**** DATA ****

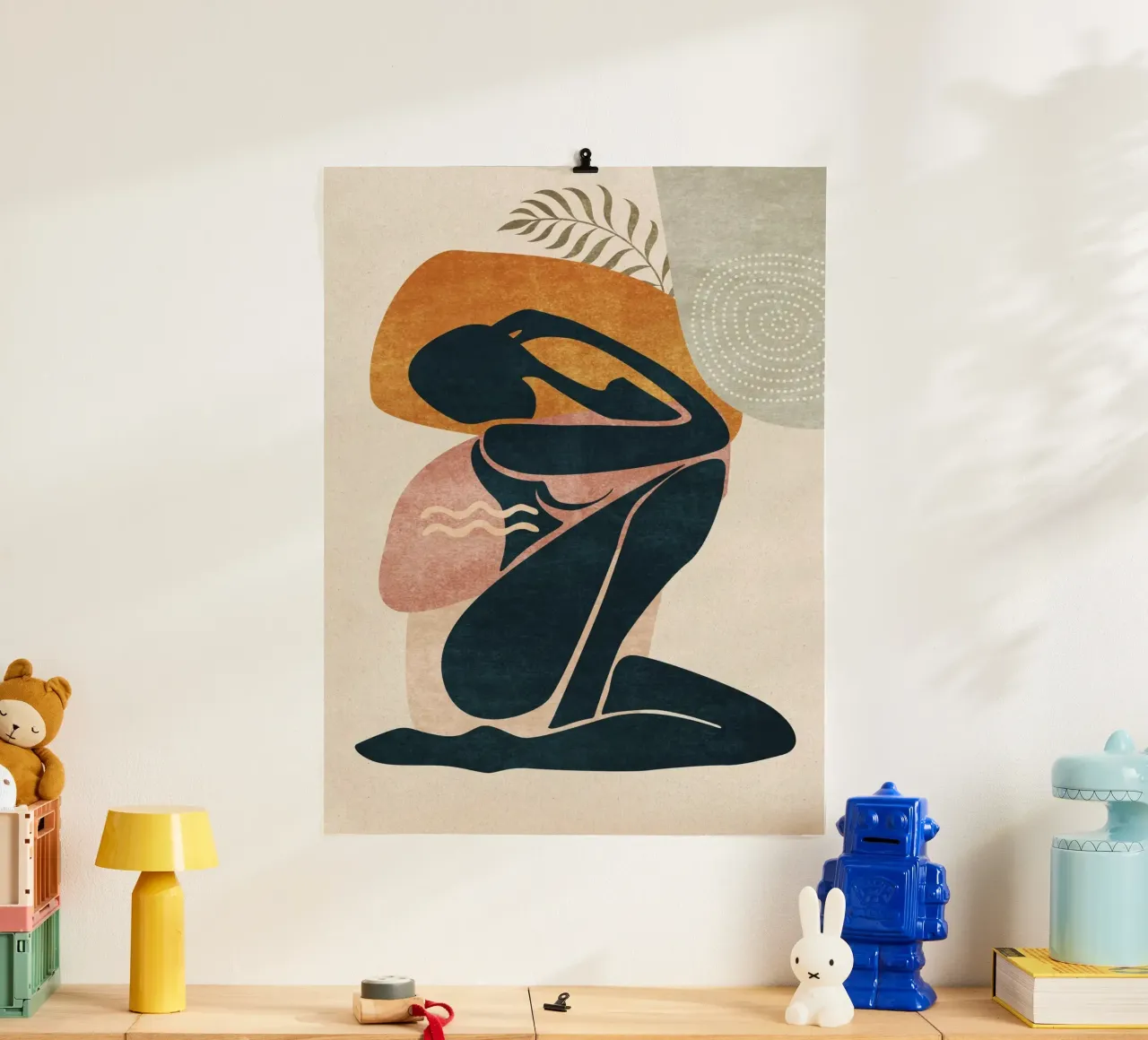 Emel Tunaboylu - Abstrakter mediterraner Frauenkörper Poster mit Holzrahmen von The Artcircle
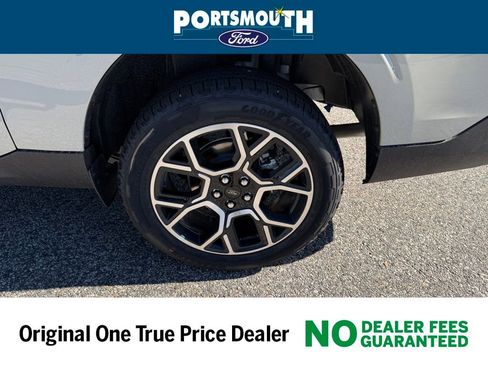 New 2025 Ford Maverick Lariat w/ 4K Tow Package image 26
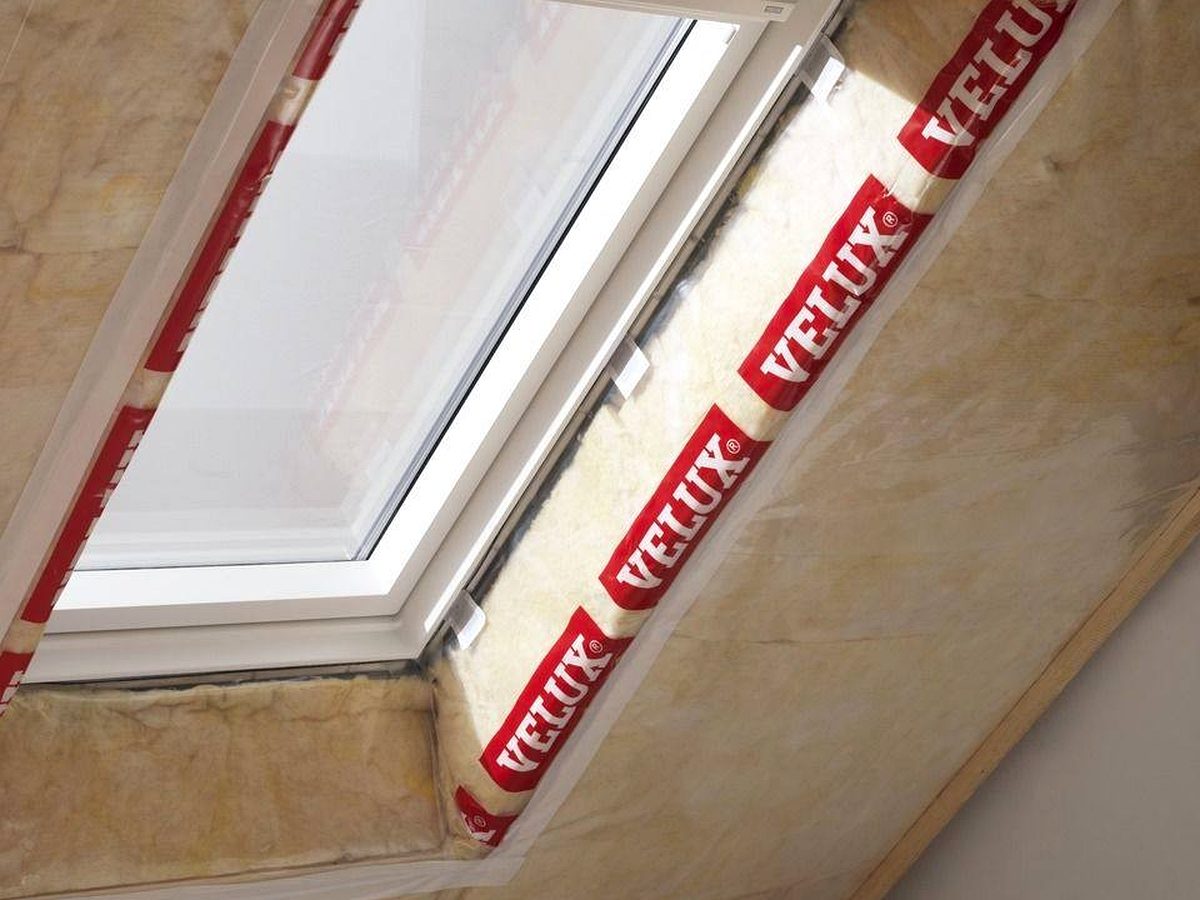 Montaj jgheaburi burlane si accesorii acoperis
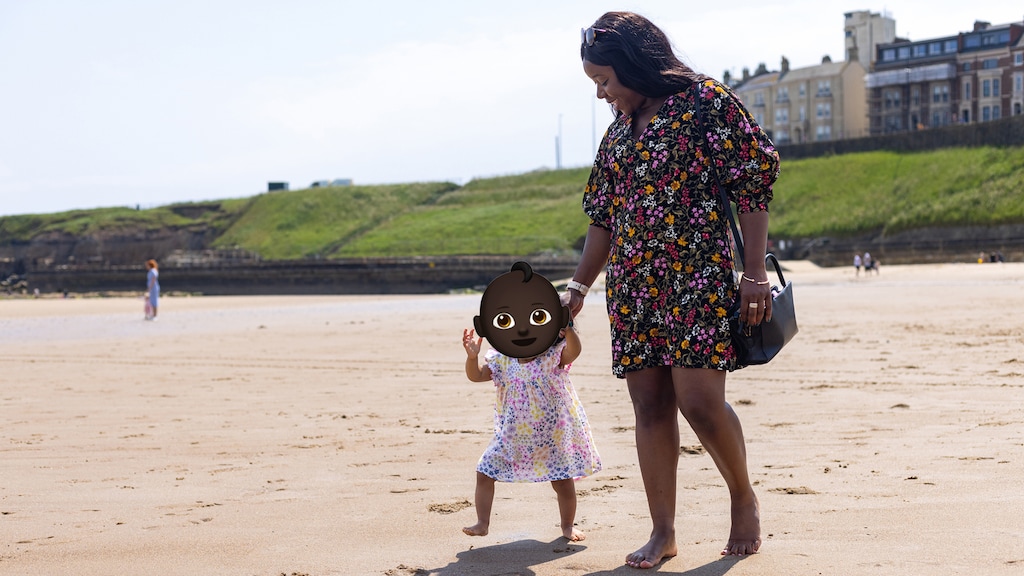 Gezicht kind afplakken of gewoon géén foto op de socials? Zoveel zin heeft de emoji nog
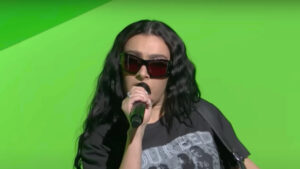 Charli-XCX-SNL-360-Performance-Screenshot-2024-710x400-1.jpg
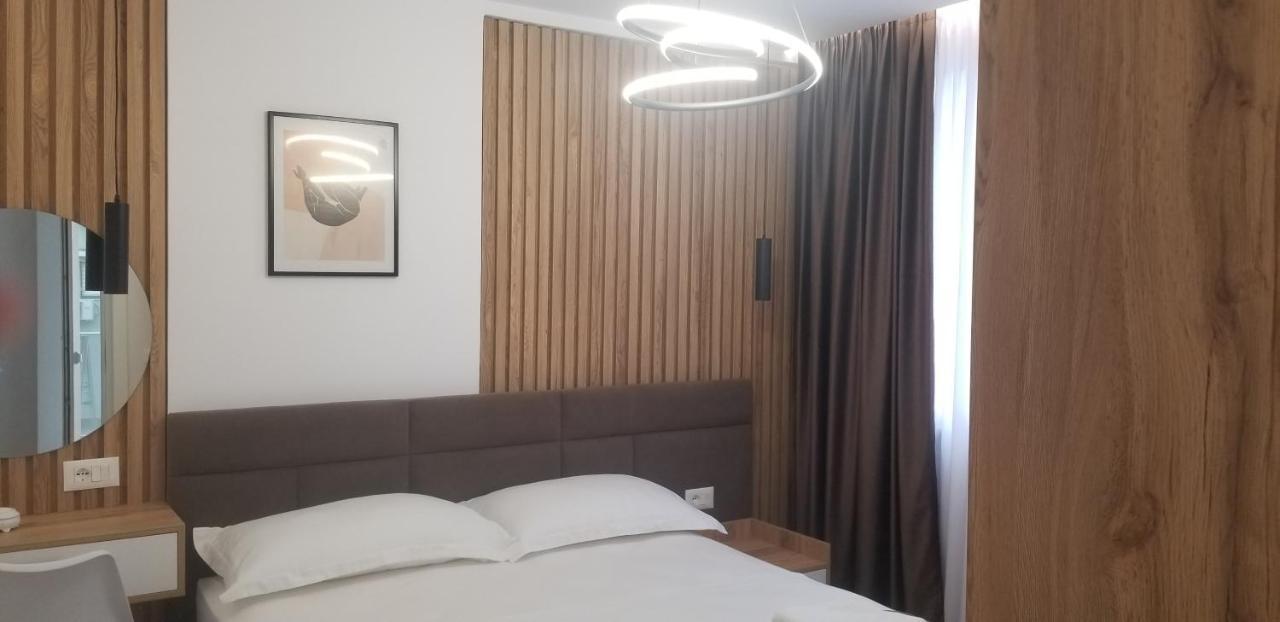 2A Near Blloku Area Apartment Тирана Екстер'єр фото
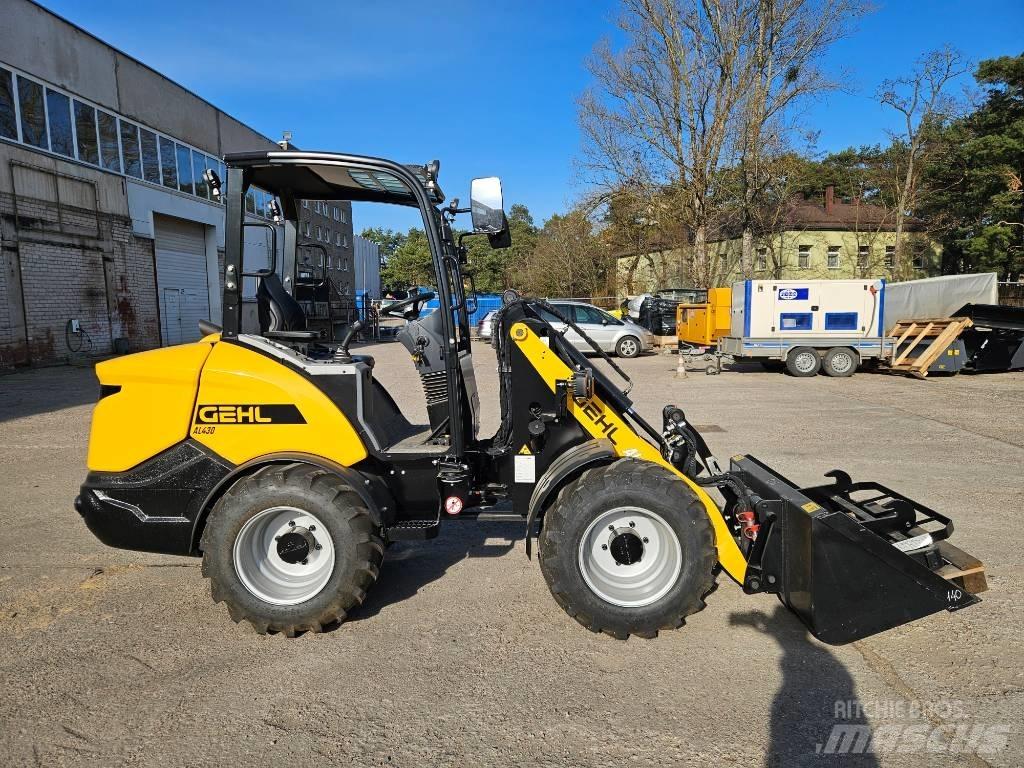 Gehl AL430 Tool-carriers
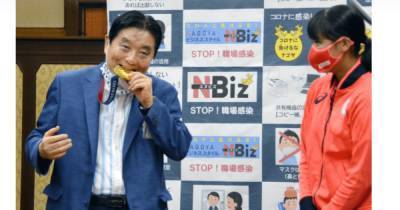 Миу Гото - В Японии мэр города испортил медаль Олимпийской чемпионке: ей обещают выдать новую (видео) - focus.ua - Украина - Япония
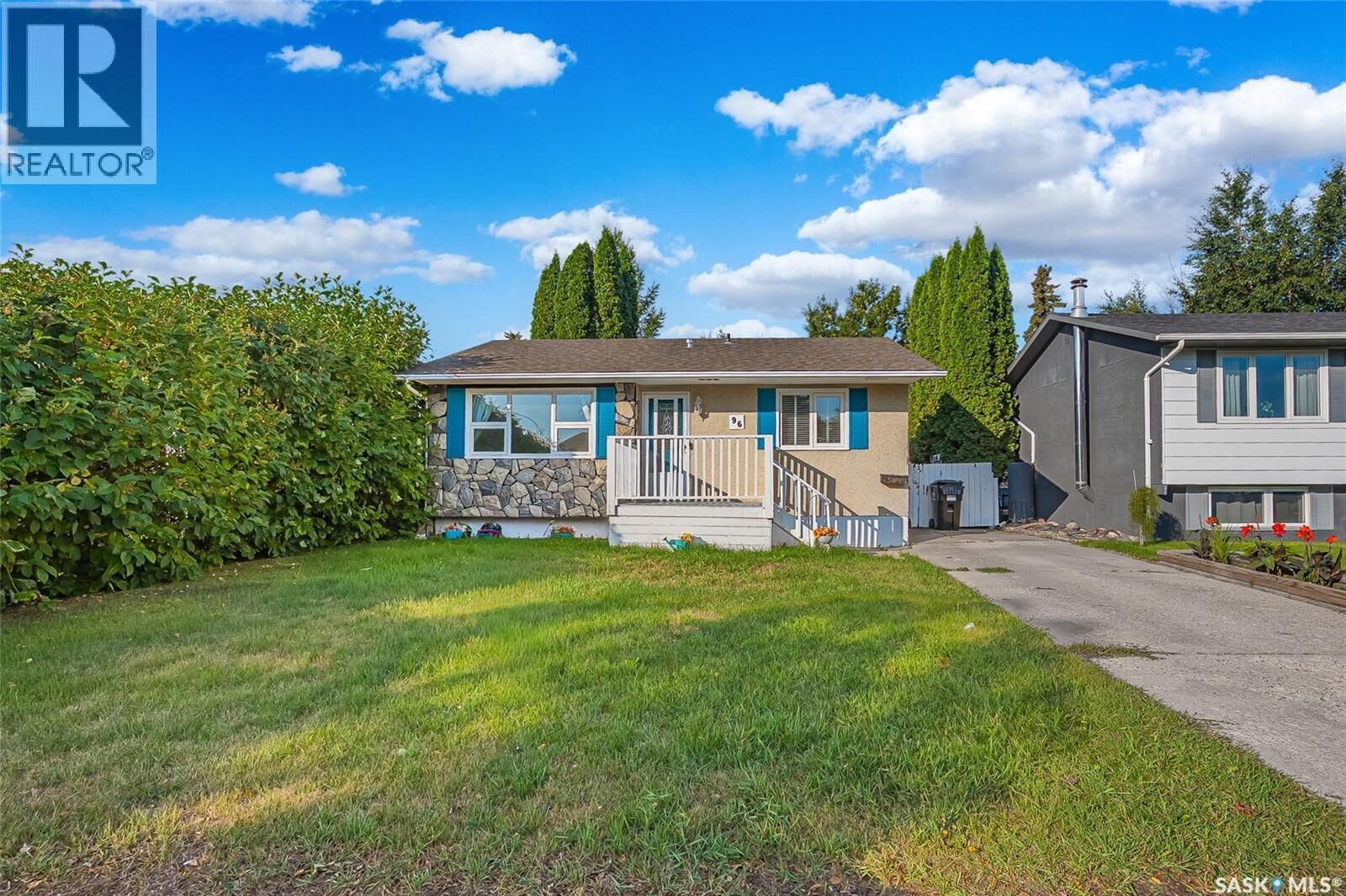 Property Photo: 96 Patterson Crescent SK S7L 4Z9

****

### TASK INSTRUCTIONS
Of the lines above, copy only those from the one holding "New 2025 Ford" to the one holding "Миу Гото - В", both included, and exclude every image.

### EXERCISE OUTPUT
 New 2025 Ford Maverick Lariat w/ 4K Tow Package image 26
 Montaj jgheaburi burlane si accesorii acoperis
 Gezicht kind afplakken of gewoon géén foto op de socials? Zoveel zin heeft de emoji nog
 Charli-XCX-SNL-360-Performance-Screenshot-2024-710x400-1.jpg
 2A Near Blloku Area Apartment Тирана Екстер'єр фото
 Gehl AL430 Tool-carriers
 Миу Гото - В Японии мэр города испортил медаль Олимпийской чемпионке: ей обещают выдать новую (видео) - focus.ua - Украина - Япония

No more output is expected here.